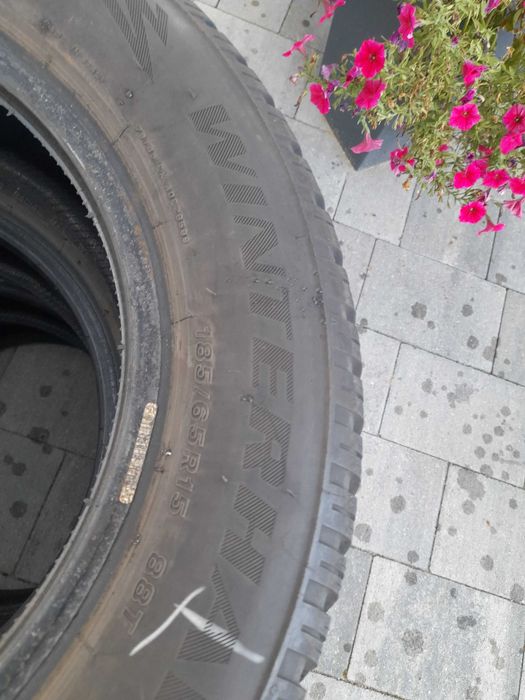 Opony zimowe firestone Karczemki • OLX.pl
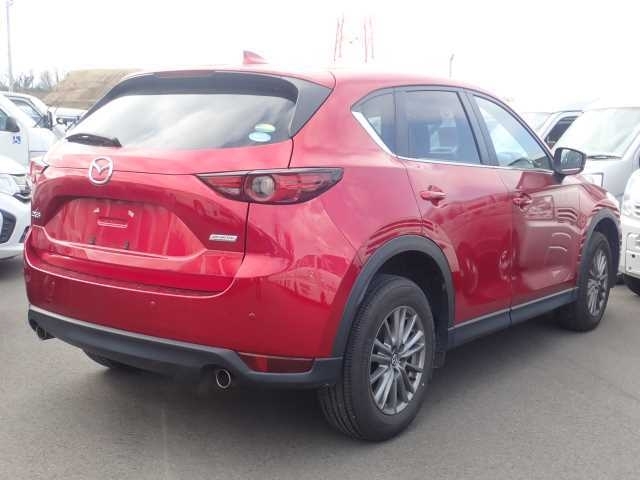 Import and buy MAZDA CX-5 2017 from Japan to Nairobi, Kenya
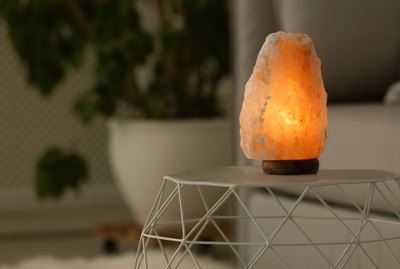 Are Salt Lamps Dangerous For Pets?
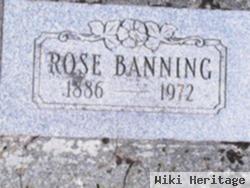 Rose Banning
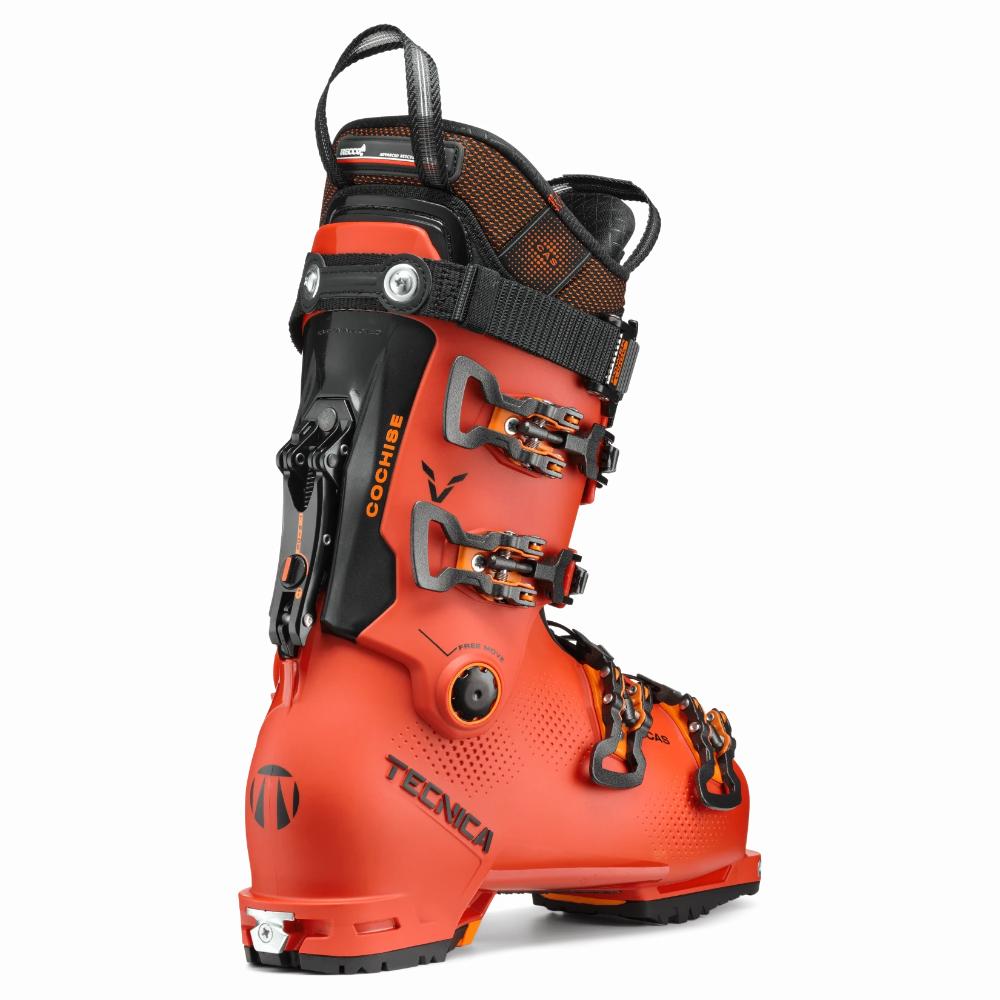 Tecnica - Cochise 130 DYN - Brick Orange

• [Aim of the task]: Restate, word for word, each line from the line containing "Are Salt Lamps Dangerous For Pets?" through the end of the entries above; the pictures are not part of the copy.

• [Result]:
 Are Salt Lamps Dangerous For Pets?
 Rose Banning
 Tecnica - Cochise 130 DYN - Brick Orange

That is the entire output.